---- Source records

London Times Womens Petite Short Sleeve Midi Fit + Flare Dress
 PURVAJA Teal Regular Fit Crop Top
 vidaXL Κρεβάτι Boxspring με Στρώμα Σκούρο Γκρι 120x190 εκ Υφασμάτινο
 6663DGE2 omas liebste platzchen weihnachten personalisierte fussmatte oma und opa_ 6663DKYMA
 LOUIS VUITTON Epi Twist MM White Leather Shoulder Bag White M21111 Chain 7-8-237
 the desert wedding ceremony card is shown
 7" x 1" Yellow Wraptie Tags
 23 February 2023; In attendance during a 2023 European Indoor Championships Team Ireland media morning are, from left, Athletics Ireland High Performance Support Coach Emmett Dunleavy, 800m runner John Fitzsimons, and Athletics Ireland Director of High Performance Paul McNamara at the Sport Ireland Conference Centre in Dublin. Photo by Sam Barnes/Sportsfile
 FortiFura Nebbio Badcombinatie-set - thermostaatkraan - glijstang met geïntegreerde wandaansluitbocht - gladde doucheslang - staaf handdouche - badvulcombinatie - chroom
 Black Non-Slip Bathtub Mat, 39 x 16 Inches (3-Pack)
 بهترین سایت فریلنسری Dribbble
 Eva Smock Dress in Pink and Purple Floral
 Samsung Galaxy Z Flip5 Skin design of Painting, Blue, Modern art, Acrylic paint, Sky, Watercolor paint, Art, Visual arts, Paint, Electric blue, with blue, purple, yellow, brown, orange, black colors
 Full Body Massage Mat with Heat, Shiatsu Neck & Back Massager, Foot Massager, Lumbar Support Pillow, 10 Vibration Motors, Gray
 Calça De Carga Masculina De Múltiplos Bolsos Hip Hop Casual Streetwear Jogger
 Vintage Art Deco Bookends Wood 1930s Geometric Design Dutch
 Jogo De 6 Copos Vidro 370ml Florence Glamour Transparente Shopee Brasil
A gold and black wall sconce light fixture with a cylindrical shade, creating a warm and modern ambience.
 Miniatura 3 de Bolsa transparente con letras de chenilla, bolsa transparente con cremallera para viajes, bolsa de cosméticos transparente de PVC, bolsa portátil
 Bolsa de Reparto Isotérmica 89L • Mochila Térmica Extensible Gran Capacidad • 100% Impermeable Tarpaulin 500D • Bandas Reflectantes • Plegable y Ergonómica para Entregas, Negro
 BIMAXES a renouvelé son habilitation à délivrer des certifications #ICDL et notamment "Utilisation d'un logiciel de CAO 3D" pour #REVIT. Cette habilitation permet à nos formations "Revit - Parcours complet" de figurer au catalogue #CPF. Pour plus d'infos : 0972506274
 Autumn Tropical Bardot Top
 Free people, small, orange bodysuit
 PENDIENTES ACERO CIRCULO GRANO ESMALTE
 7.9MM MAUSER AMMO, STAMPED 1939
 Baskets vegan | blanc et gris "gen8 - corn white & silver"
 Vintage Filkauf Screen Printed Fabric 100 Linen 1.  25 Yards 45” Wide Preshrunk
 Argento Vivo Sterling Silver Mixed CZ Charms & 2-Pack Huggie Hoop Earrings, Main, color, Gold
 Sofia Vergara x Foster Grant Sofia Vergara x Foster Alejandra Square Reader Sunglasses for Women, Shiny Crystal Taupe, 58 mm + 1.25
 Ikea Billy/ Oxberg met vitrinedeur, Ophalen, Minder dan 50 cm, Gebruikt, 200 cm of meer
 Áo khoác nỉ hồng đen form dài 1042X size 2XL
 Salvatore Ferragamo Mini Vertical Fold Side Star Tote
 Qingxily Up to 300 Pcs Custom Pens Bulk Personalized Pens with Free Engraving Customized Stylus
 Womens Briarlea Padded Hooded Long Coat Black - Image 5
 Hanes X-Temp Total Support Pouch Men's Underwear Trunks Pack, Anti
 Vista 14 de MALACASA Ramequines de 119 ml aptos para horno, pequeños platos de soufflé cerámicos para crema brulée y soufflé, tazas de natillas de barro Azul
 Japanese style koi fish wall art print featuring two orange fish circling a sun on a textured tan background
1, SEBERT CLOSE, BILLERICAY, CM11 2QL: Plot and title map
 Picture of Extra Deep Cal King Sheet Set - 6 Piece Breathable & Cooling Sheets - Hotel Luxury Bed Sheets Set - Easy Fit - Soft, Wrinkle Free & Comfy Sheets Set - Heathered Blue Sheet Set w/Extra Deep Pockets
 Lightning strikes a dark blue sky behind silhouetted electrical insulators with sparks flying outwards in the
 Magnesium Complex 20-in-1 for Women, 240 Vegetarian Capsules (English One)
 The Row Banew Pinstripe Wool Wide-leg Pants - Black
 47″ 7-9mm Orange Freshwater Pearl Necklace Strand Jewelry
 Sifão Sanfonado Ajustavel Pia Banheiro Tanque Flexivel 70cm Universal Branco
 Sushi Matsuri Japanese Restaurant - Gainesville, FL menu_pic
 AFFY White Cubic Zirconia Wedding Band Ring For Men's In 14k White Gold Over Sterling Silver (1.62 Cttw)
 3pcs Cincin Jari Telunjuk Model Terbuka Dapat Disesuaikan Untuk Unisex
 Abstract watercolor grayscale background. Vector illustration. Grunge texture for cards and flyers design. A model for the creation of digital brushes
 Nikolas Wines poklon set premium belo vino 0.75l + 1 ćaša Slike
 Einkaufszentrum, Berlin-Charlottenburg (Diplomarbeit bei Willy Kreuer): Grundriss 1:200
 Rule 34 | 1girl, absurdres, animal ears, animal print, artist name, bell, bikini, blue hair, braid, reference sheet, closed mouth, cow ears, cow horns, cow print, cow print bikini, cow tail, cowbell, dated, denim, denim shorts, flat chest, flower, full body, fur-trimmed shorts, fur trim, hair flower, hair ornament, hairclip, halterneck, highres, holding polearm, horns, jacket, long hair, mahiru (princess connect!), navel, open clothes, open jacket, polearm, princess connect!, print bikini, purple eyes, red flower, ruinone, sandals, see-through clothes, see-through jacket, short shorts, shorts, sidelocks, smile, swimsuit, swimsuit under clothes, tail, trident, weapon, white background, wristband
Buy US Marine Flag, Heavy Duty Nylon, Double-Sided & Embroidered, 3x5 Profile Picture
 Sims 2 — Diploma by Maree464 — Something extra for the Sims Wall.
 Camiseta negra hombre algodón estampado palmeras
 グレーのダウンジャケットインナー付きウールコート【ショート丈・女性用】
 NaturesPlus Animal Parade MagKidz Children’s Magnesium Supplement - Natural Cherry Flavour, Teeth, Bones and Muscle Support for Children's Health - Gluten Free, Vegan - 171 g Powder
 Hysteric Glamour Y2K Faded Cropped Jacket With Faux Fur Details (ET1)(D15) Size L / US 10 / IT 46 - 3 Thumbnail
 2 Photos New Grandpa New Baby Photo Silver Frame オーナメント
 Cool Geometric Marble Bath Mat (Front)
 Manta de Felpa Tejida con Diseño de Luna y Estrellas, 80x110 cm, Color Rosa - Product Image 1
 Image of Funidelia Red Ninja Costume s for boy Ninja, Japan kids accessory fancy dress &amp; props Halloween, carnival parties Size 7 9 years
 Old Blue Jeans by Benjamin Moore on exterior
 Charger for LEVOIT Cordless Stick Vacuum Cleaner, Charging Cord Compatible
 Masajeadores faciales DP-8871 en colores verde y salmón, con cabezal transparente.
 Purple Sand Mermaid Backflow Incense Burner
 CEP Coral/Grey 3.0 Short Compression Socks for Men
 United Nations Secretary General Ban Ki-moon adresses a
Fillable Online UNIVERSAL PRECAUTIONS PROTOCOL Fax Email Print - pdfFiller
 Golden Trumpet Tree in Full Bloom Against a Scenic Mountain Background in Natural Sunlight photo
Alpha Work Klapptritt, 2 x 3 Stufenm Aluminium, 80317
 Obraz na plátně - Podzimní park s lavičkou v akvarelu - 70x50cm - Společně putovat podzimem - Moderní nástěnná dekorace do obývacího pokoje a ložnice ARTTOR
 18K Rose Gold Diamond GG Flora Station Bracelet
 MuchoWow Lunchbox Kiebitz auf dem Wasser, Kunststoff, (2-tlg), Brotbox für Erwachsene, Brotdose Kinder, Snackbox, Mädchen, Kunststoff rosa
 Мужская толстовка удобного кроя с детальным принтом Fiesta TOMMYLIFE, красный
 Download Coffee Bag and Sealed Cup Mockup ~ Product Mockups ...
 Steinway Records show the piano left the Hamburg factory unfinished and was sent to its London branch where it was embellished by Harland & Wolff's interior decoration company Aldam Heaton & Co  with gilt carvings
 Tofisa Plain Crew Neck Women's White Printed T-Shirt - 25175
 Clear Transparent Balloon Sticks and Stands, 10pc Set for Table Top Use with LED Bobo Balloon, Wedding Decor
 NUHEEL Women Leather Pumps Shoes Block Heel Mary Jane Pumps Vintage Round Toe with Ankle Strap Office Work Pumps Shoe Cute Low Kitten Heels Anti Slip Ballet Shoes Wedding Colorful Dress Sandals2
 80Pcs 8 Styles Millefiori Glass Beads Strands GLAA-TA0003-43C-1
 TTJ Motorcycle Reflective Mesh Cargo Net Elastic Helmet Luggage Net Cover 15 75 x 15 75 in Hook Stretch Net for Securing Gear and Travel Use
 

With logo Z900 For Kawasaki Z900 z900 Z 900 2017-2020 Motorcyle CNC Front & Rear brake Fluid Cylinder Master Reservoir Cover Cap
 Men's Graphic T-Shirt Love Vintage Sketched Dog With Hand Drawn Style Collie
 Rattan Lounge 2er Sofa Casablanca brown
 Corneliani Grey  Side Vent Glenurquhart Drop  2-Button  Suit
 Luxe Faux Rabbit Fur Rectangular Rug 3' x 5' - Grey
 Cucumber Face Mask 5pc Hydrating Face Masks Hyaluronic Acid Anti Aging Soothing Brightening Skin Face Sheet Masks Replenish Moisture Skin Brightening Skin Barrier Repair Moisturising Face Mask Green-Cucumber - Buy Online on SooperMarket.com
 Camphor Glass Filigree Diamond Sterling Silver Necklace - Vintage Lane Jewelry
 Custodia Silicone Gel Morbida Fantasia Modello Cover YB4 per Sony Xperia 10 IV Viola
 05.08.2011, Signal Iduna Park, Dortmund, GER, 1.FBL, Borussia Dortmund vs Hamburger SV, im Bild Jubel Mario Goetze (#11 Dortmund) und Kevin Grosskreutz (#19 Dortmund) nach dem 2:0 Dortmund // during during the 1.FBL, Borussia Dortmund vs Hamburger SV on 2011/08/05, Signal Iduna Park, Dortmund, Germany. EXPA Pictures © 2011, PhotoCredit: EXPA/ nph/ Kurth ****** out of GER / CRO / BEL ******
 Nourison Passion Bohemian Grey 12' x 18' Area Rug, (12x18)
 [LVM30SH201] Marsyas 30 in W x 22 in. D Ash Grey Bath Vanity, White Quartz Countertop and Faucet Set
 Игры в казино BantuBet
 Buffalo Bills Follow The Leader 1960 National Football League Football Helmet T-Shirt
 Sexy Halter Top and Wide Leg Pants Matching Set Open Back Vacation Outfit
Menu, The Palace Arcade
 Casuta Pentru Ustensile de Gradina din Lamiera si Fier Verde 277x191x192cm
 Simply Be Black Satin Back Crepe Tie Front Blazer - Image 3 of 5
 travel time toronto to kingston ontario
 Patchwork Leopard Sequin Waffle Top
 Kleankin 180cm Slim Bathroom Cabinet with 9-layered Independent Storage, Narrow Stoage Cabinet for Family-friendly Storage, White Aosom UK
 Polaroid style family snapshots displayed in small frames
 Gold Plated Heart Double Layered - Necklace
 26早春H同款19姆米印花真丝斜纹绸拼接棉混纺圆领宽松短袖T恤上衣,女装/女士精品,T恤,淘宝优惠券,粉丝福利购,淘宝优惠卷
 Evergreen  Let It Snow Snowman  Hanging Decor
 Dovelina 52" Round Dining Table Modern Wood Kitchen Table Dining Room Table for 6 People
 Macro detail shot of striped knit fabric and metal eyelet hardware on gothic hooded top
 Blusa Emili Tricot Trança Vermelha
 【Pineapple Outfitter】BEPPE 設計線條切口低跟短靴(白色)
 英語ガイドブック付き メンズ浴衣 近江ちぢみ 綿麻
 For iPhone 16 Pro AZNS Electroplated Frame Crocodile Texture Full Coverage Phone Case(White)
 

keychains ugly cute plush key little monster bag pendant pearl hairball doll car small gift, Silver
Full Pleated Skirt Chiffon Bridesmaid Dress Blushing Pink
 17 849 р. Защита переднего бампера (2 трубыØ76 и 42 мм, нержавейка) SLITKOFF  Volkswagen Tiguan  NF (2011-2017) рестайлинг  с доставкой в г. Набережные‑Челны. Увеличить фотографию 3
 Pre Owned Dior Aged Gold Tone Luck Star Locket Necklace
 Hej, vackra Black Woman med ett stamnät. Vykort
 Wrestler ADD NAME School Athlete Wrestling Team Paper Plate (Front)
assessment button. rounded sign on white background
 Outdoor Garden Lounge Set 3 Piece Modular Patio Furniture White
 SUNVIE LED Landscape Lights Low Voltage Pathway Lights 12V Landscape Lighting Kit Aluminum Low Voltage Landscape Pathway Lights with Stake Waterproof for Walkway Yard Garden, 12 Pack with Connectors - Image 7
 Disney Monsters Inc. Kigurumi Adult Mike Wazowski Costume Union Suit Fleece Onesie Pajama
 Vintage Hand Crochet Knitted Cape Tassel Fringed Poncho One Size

--------

◆ **What to work on**:
Among the lines above, find those with the word "Helmet" and list them.

◆ **Solution to this exercise**:
 TTJ Motorcycle Reflective Mesh Cargo Net Elastic Helmet Luggage Net Cover 15 75 x 15 75 in Hook Stretch Net for Securing Gear and Travel Use
 Buffalo Bills Follow The Leader 1960 National Football League Football Helmet T-Shirt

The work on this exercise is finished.